Has anyone else encountered this before? How did you respond? Has anyone actually BEEN talked out of vet med by something a specific veterinarian said? Current DVMs- how do you feel about this? Have you ever said this to one of your shadows?
I have
absolutely said something like this to prevets, but in specific situations. I am a zoo vet, and it's not uncommon these days for a prevet to want to do zoo. Zoo med has a lot more exposure these days (TV shows, for example, but vet med in general has these now too) that kids will see early on. Then they grow up wanting to be a zoo vet specifically, and in my experience, have nothing but a TV show or the vet window at Disney World/Nashville/wherever else as to why they want that career. That's not to say a TV show/other is a dumb reason to be interested in a career. Exposure is exposure, and what we do is 'cool' and is almost always assumed to be glamorous. People get really excited by it. But if you are coming to chat with me as a husbandry intern, guest relations/concessions employee, whatever, and saying 'I want to be a zoo vet and my only reason/'experience' is this thing, and I only want to do this to pursue this extremely competitive (and simultaneously poorly paid, and sometimes excessively niche) sector of vet med, I'm going to give you a heavy reality check. In my experience, some of the most outspoken 'haters' of vet med are people who went into the field for a very specific career and did not/have not yet gotten into the sector they wanted to be in (not just zoo, either)
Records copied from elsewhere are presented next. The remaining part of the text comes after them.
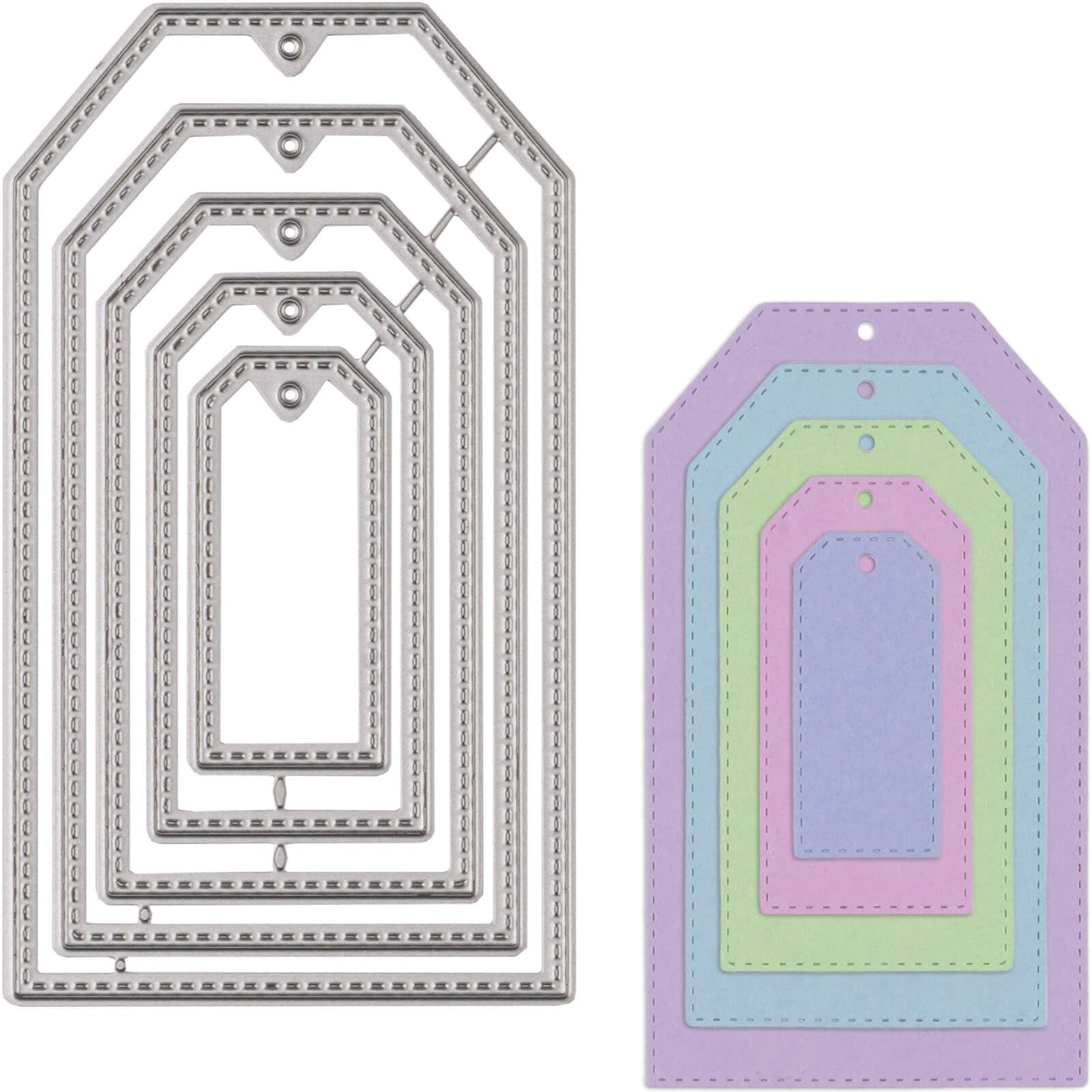 Stitched Tag Metal Cutting Dies 5 Nested Sizes Angled Edge Die Cuts with Holes f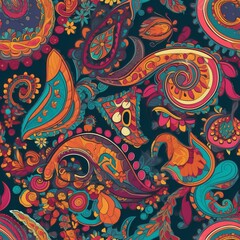 Seamless Paisley Pattern with Bold Colors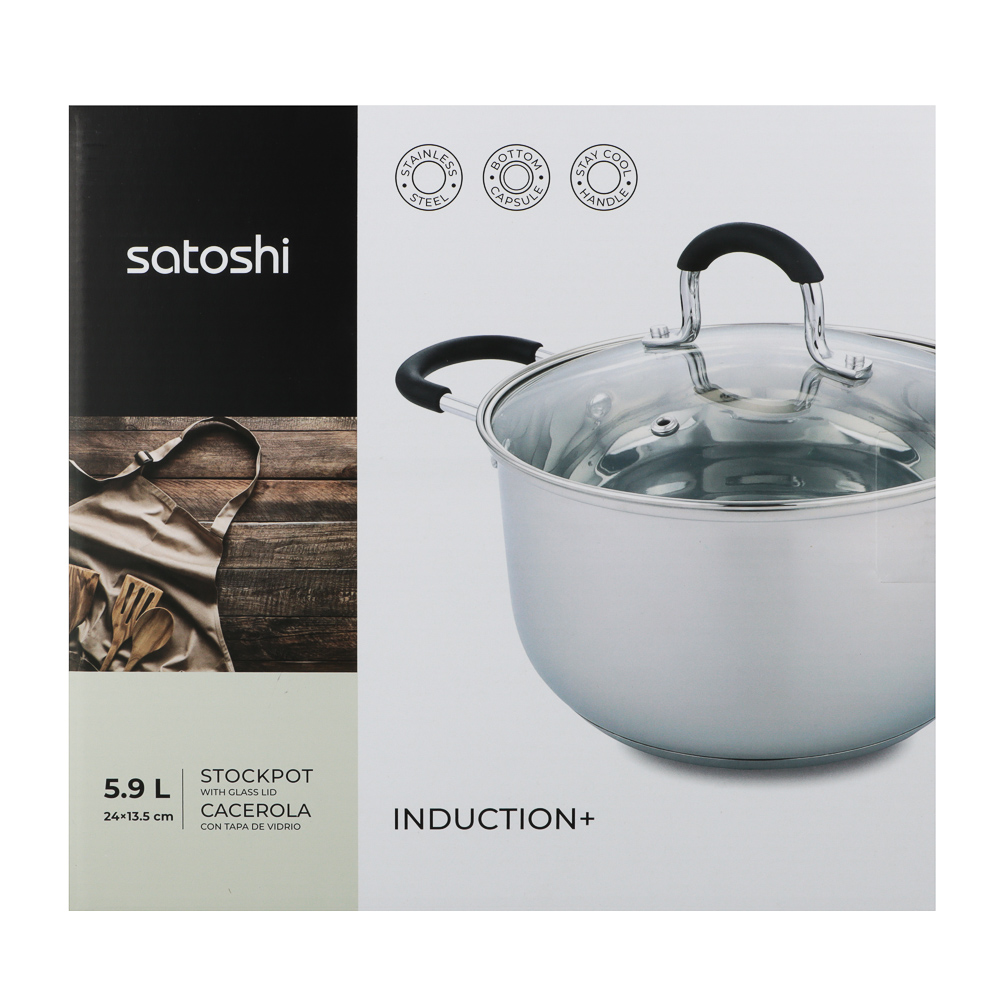 SATOSHI Альбер Кастрюля 24х13,5см, 5,9л, со стекл. крышкой, индукция, арт.№ 822-215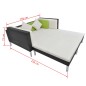 4 pcs conjunto lounge de jardim c/ almofadões vime PE preto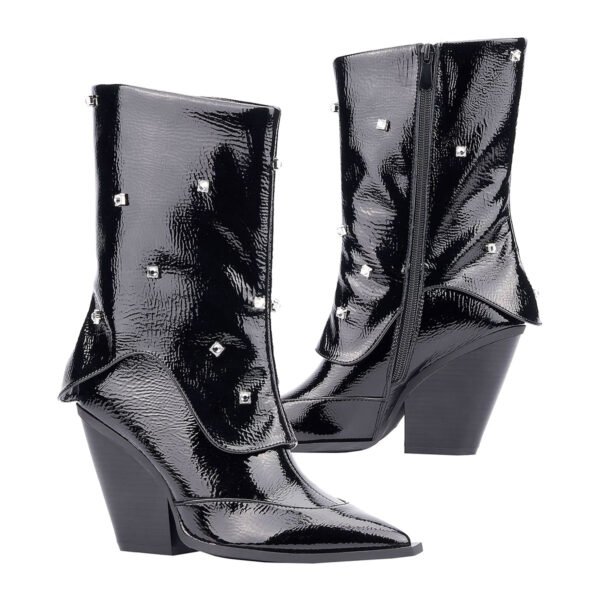 Black Mid-Calf Boots Rhinestone Embellishments Pointed Toe Zip Closure Block Heel Heeled Fashion Boots - 图片 3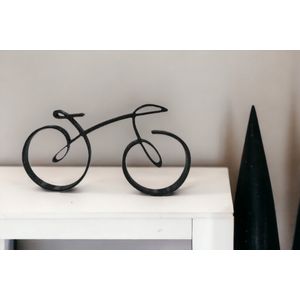 Mini bicicleta pentru design interior, tehnica single line, negru glitter, 150x80x15 mm
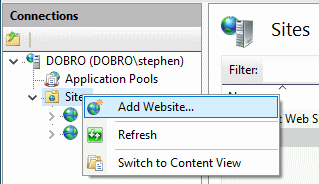 IIS context menu Add Website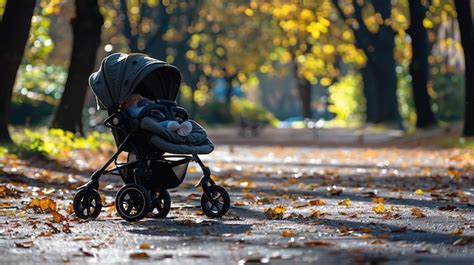Ein lächelndes Baby in einem modernen MOON Kinderwagen auf einem sonnigen Parkweg.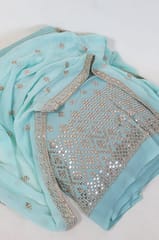Sea Green Colour Georgette Pleat Embroidered Fabric with Georgette Embroidered Dupatta Set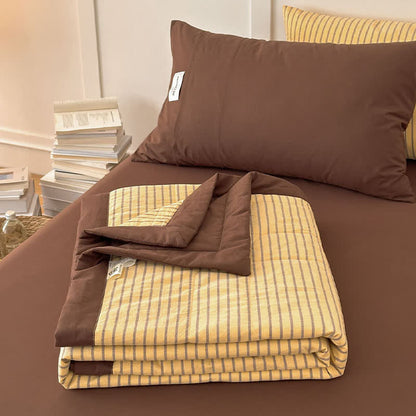 Cozy Farmhouse Cotton Two-Tone Striped Bedding Set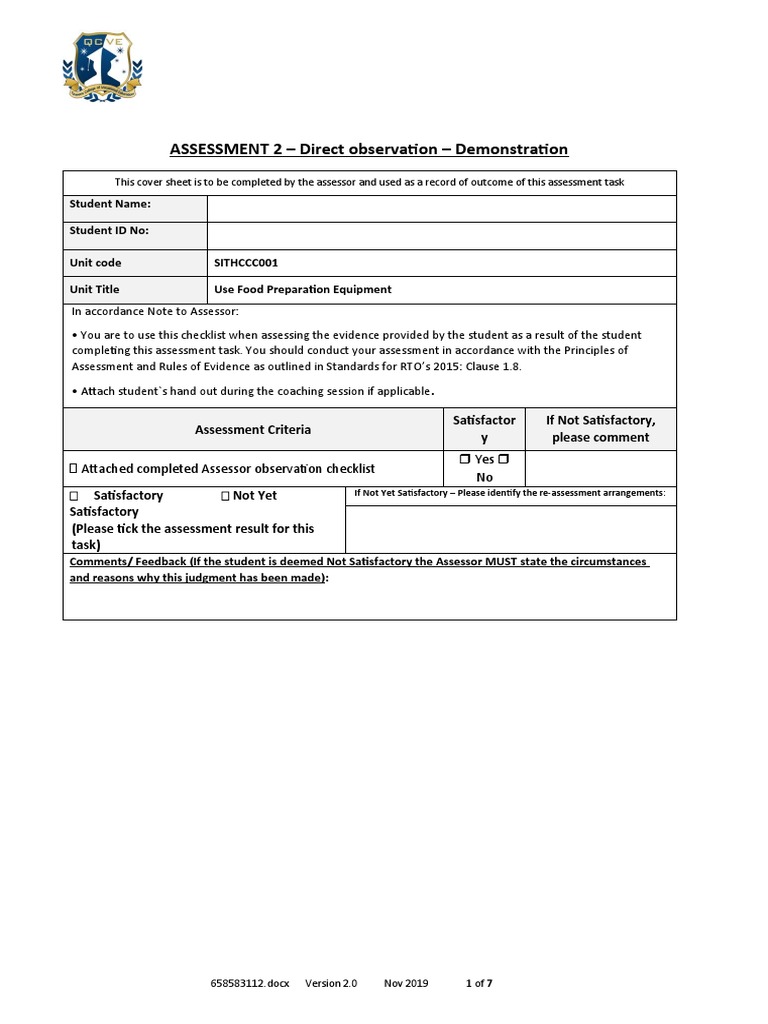 ASSESSMENT 2 SITHCCC001 Use Food Preparation Equipment PDF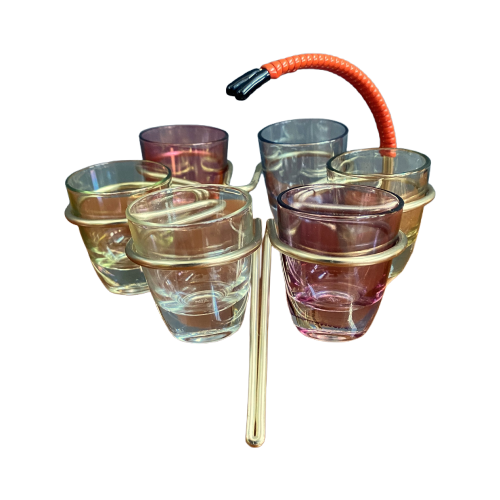 Shot Glass Rack With 6 Glasses 1960S image 1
Aside from that, I don't routinely try to dissuade prevets from pursuing the field. When asked, I will give my thoughts, but the truth of the matter is that we can all talk until we are blue in the face and
no one will listen. I don't have a horribly negative opinion of this field, and I am lucky to be debt free since my third year of practice (thanks to partly killing myself with work, partly due to 'lucky' circumstances and having a husband to split costs with). I'm also not in a 'client' facing role currently, if I was I might have different feelings. Even if I did, the onslaught of 'This field is miserable, you'll be crushed by debt, we all hate our lives, etc etc' goes in one ear and out the other. Most of us, myself included, probably had at least one vet try to dissuade us and that obviously didn't work. The financial outlook for the field is not great at the moment - we are experiencing the aftermath of corporations exploding and ballooning in the heat of COVID and now that demand has dropped quite a bit. If we hit a true recession, we will be right back where we were in the 2009-2015ish days where new grads couldn't find jobs. That means absolutely nothing to kids who haven't lived through scary times, were too young to see the fear in their parents' eyes during the last recession, haven't paid their own bills yet, haven't watched their loan balances climb despite monthly payments. Vet med also currently is comprised of white females from middle (or higher) class families (myself included, until my family hit harder times). This is not a dig at anyone, but people from those backgrounds usually don't understand the concepts of debt and loan repayment, financial risk, struggling to make ends meet, etc. Vet med is very much a 'follow your dream, kid!' type of career and being able to pursue a dream with blinders on to the finances is peak privilege imo.
I have had one vet I worked for in my prevet days try to dissuade me. She was a solo vet who owned her own practice, ran things very old school, and worked 6-7 days a week even though she probably didn't have to. She moreso just hated her situation, I think. She was otherwise debt free, and very much went to vet school because her mom was a vet and that was just the path she was laid. Not everyone who goes to vet school actually discovered they wanted to be a vet at some point. IMO the 'vet-by-nepotism' (maybe not the best choice of words, but I'm tired) path is much less common these days but for some, it's all they know because their parents basically raised their family in the clinic working 14 hour days 7 days a week. So long story short, I do agree that context/knowing a bit more about the person trying to dissuade you matters to some extent.
I will say that I am discouraged by how many college-age students I meet that want to be vets, but still have not step foot in a veterinary setting by their sophomore or junior year of undergrad. I know it can be hard to get experience, but I have to wonder how many people get 'trapped' by the concept. By the time they get vet experience and don't like it, they feel they can't get off the ride and still pursue vet school. It's a scary thing to have had a goal for the majority of your life, only to realize it's not for you and you haven't explored anything else (or you want it but never get accepted, and then don't know what you want to do). We probably all know a few classmates/vets that absolutely hate the field, or a few pre-vet undergrad friends that never really figured out an alternative.
Vets who are happy long-term at their clinic don't go into relief generally.
Unrelated to the main topic, but this is absolutely not true. Sure, some people go into relief for the reasons you said, but a lotttt go into it just because they like having the scheduling freedom and you can make bank doing it, if you do it well. Some of the most highly paid vets in this country are doing ER relief (we're talking $450k+ working 12 shifts or less per month). Considering the fact that you don't need any specialty training to do this, it's an extremely attractive option for a lot of vets.